╭─ PROVIDED DATA
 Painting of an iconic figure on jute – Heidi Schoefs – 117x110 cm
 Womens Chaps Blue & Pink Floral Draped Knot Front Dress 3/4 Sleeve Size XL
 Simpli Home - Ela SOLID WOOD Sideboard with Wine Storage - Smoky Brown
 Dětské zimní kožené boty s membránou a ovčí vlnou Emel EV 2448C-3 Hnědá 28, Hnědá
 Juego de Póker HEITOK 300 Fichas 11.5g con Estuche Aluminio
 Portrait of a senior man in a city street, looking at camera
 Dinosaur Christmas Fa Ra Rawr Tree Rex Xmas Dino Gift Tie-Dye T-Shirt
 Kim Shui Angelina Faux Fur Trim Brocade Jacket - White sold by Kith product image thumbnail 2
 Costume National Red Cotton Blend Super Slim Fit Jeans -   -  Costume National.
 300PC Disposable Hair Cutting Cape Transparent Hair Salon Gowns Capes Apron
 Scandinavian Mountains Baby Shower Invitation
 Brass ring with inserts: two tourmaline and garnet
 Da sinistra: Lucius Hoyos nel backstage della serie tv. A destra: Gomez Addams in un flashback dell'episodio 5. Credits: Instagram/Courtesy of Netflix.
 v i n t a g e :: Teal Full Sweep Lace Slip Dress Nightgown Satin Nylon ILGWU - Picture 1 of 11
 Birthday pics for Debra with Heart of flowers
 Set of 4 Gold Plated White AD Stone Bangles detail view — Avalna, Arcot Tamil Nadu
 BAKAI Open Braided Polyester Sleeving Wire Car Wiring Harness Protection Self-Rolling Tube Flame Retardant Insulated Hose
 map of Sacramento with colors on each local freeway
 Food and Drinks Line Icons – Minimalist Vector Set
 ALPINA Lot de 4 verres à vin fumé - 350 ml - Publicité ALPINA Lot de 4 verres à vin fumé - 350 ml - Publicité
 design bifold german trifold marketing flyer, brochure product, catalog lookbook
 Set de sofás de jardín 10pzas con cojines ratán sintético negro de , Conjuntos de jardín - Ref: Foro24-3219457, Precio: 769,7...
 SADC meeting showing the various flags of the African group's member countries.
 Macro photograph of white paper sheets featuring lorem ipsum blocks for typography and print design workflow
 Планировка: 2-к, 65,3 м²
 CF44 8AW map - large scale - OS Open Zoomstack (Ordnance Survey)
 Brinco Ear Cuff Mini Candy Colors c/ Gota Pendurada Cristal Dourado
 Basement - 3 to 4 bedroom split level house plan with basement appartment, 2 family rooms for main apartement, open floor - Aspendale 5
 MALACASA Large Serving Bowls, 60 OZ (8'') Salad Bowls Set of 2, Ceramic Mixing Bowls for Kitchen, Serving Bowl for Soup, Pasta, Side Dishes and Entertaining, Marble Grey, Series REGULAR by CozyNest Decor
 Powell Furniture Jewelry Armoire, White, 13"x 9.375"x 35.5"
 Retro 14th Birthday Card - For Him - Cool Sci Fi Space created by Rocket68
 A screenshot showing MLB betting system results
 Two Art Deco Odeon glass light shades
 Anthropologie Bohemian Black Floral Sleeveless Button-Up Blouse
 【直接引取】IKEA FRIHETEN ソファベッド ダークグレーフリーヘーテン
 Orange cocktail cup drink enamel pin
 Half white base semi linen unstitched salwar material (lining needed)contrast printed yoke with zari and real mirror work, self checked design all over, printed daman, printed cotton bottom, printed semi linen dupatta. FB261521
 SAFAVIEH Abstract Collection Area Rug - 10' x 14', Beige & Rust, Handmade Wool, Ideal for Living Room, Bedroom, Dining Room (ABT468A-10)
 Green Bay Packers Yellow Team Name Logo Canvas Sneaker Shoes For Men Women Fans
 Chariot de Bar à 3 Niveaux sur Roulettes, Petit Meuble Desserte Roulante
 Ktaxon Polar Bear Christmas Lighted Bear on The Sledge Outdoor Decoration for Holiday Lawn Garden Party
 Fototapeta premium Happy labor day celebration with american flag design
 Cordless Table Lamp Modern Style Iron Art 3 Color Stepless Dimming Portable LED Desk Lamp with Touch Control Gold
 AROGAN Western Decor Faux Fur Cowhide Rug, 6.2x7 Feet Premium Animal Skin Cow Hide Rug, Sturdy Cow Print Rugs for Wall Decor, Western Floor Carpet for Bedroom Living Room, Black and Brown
╰─
- **WORK TASK**
The data above must be restated word for word.

- **TASK ANSWER**
 Painting of an iconic figure on jute – Heidi Schoefs – 117x110 cm
 Womens Chaps Blue & Pink Floral Draped Knot Front Dress 3/4 Sleeve Size XL
 Simpli Home - Ela SOLID WOOD Sideboard with Wine Storage - Smoky Brown
 Dětské zimní kožené boty s membránou a ovčí vlnou Emel EV 2448C-3 Hnědá 28, Hnědá
 Juego de Póker HEITOK 300 Fichas 11.5g con Estuche Aluminio
 Portrait of a senior man in a city street, looking at camera
 Dinosaur Christmas Fa Ra Rawr Tree Rex Xmas Dino Gift Tie-Dye T-Shirt
 Kim Shui Angelina Faux Fur Trim Brocade Jacket - White sold by Kith product image thumbnail 2
 Costume National Red Cotton Blend Super Slim Fit Jeans -   -  Costume National.
 300PC Disposable Hair Cutting Cape Transparent Hair Salon Gowns Capes Apron
 Scandinavian Mountains Baby Shower Invitation
 Brass ring with inserts: two tourmaline and garnet
 Da sinistra: Lucius Hoyos nel backstage della serie tv. A destra: Gomez Addams in un flashback dell'episodio 5. Credits: Instagram/Courtesy of Netflix.
 v i n t a g e :: Teal Full Sweep Lace Slip Dress Nightgown Satin Nylon ILGWU - Picture 1 of 11
 Birthday pics for Debra with Heart of flowers
 Set of 4 Gold Plated White AD Stone Bangles detail view — Avalna, Arcot Tamil Nadu
 BAKAI Open Braided Polyester Sleeving Wire Car Wiring Harness Protection Self-Rolling Tube Flame Retardant Insulated Hose
 map of Sacramento with colors on each local freeway
 Food and Drinks Line Icons – Minimalist Vector Set
 ALPINA Lot de 4 verres à vin fumé - 350 ml - Publicité ALPINA Lot de 4 verres à vin fumé - 350 ml - Publicité
 design bifold german trifold marketing flyer, brochure product, catalog lookbook
 Set de sofás de jardín 10pzas con cojines ratán sintético negro de , Conjuntos de jardín - Ref: Foro24-3219457, Precio: 769,7...
 SADC meeting showing the various flags of the African group's member countries.
 Macro photograph of white paper sheets featuring lorem ipsum blocks for typography and print design workflow
 Планировка: 2-к, 65,3 м²
 CF44 8AW map - large scale - OS Open Zoomstack (Ordnance Survey)
 Brinco Ear Cuff Mini Candy Colors c/ Gota Pendurada Cristal Dourado
 Basement - 3 to 4 bedroom split level house plan with basement appartment, 2 family rooms for main apartement, open floor - Aspendale 5
 MALACASA Large Serving Bowls, 60 OZ (8'') Salad Bowls Set of 2, Ceramic Mixing Bowls for Kitchen, Serving Bowl for Soup, Pasta, Side Dishes and Entertaining, Marble Grey, Series REGULAR by CozyNest Decor
 Powell Furniture Jewelry Armoire, White, 13"x 9.375"x 35.5"
 Retro 14th Birthday Card - For Him - Cool Sci Fi Space created by Rocket68
 A screenshot showing MLB betting system results
 Two Art Deco Odeon glass light shades
 Anthropologie Bohemian Black Floral Sleeveless Button-Up Blouse
 【直接引取】IKEA FRIHETEN ソファベッド ダークグレーフリーヘーテン
 Orange cocktail cup drink enamel pin
 Half white base semi linen unstitched salwar material (lining needed)contrast printed yoke with zari and real mirror work, self checked design all over, printed daman, printed cotton bottom, printed semi linen dupatta. FB261521
 SAFAVIEH Abstract Collection Area Rug - 10' x 14', Beige & Rust, Handmade Wool, Ideal for Living Room, Bedroom, Dining Room (ABT468A-10)
 Green Bay Packers Yellow Team Name Logo Canvas Sneaker Shoes For Men Women Fans
 Chariot de Bar à 3 Niveaux sur Roulettes, Petit Meuble Desserte Roulante
 Ktaxon Polar Bear Christmas Lighted Bear on The Sledge Outdoor Decoration for Holiday Lawn Garden Party
 Fototapeta premium Happy labor day celebration with american flag design
 Cordless Table Lamp Modern Style Iron Art 3 Color Stepless Dimming Portable LED Desk Lamp with Touch Control Gold
 AROGAN Western Decor Faux Fur Cowhide Rug, 6.2x7 Feet Premium Animal Skin Cow Hide Rug, Sturdy Cow Print Rugs for Wall Decor, Western Floor Carpet for Bedroom Living Room, Black and Brown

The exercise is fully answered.